Exercise details: If a record contains a picture, leave the picture out and transcribe everything else exactly.

Extracted information:
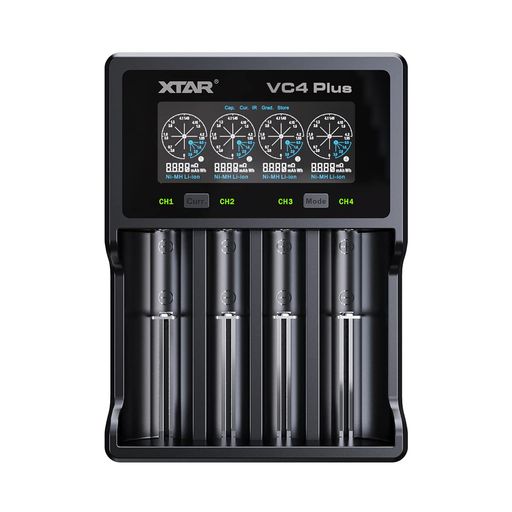 リチウムイオン電池18650充電器XTARVC4Plus(VC4SL同モデル)単三?単四ニッケル水素/ニカド電池186502170016340266503.7Vリチウムイオンに対応電池容量測定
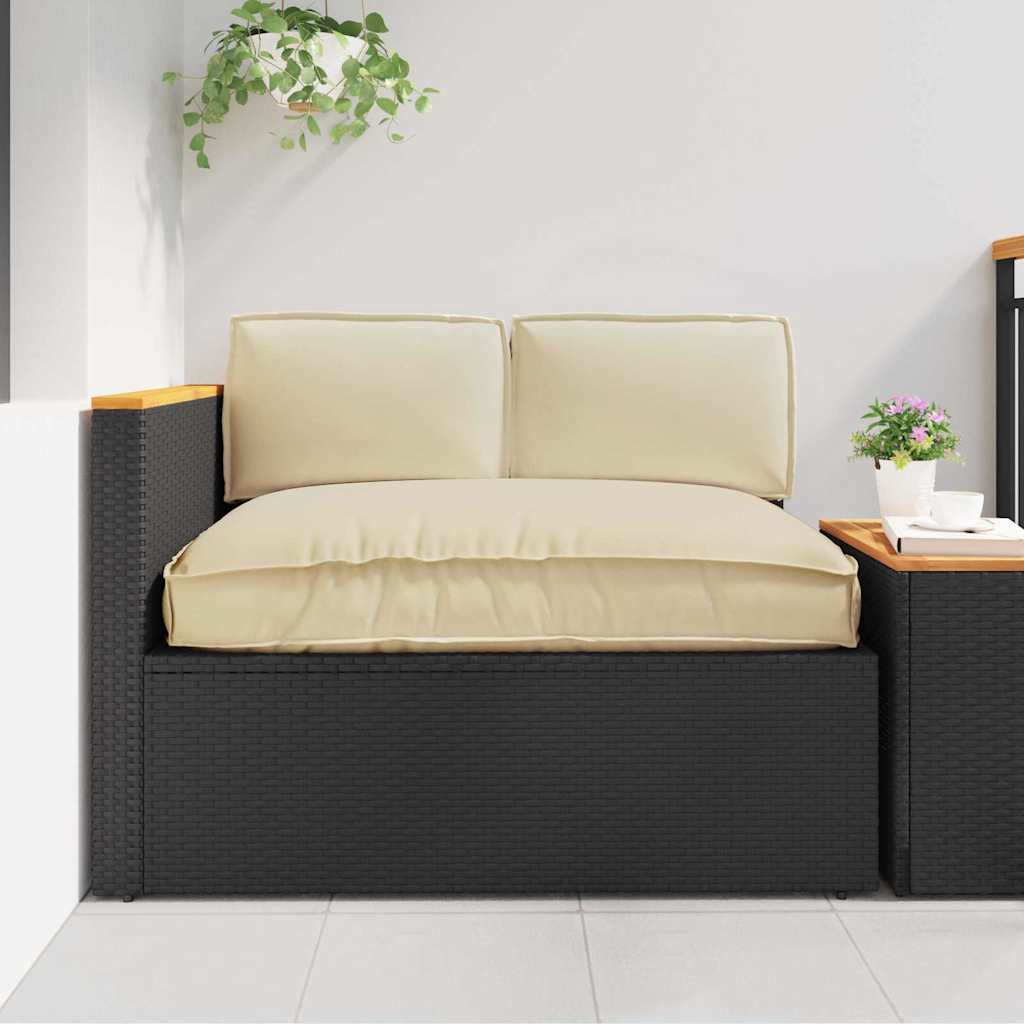 Pudesæt Oxford stof Beige 120 x 80 x 52 cm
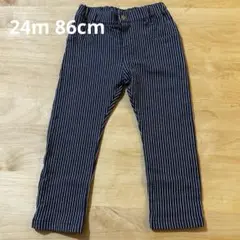 プチバトー/ネイビーストライプ 24m 86cm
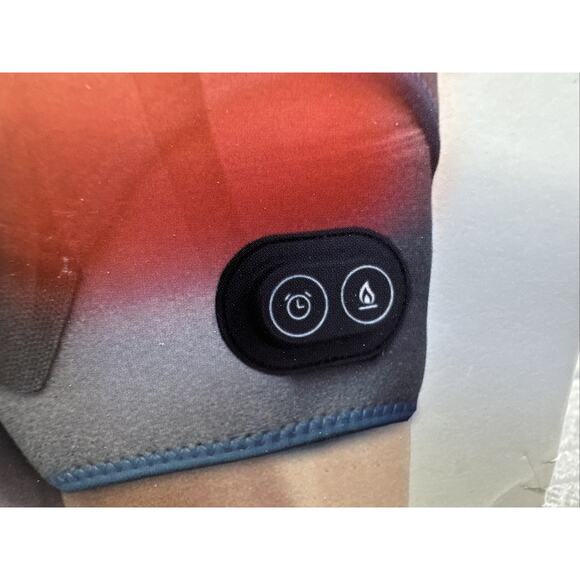 Heated Shoulder Wrap - Blue and White - Picture 6 of 15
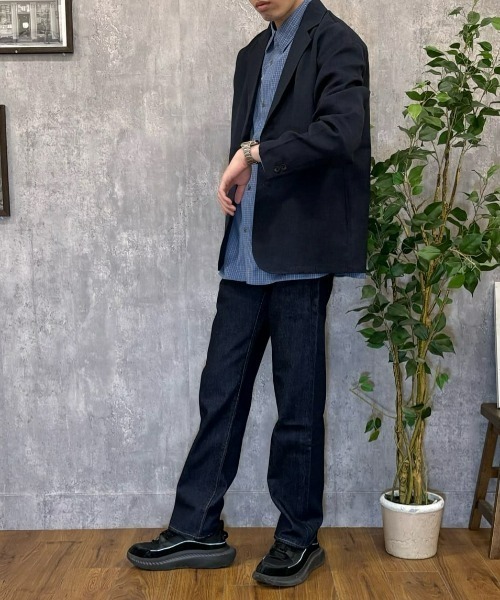 BACK NUMBER（バックナンバー）の「【BACK NUMBER】【店舗で人気】【さらっと羽織れる】ブロードチェック ビッグシルエット シャツ（リラックスシルエット）（シャツ/ブラウス・メンズ・ブラウン/グリーン/ブラック/ブルー・L/XL/M）」の13枚目の写真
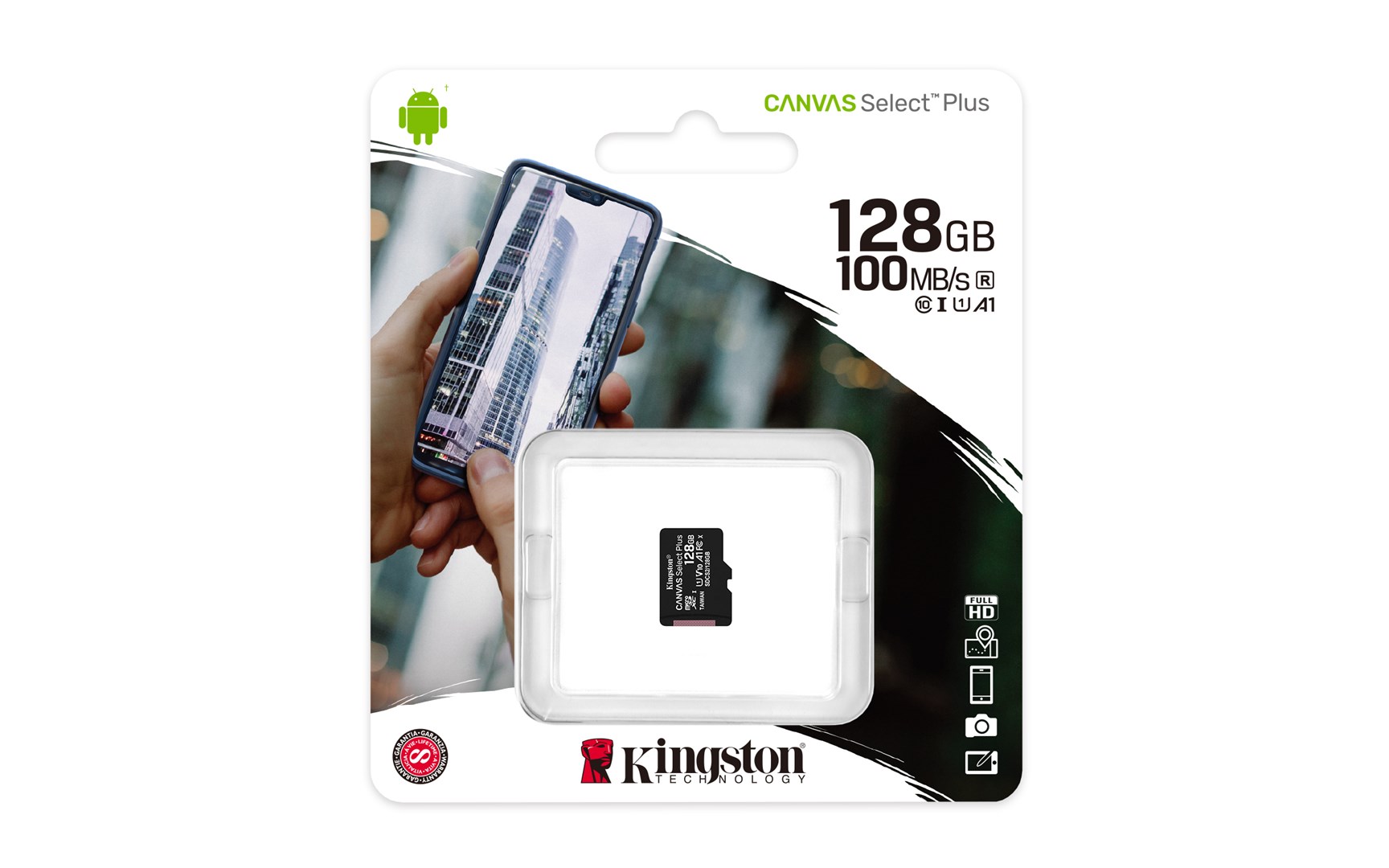 Kartë e memories Kingston Canvas Select Plus, MicroSDXC, 128 GB, Class 10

Solution to the problem:
 リチウムイオン電池18650充電器XTARVC4Plus(VC4SL同モデル)単三?単四ニッケル水素/ニカド電池186502170016340266503.7Vリチウムイオンに対応電池容量測定
 Pudesæt Oxford stof Beige 120 x 80 x 52 cm
 プチバトー/ネイビーストライプ 24m 86cm
 Heated Shoulder Wrap - Blue and White - Picture 6 of 15
 BACK NUMBER（バックナンバー）の「【BACK NUMBER】【店舗で人気】【さらっと羽織れる】ブロードチェック ビッグシルエット シャツ（リラックスシルエット）（シャツ/ブラウス・メンズ・ブラウン/グリーン/ブラック/ブルー・L/XL/M）」の13枚目の写真
 Kartë e memories Kingston Canvas Select Plus, MicroSDXC, 128 GB, Class 10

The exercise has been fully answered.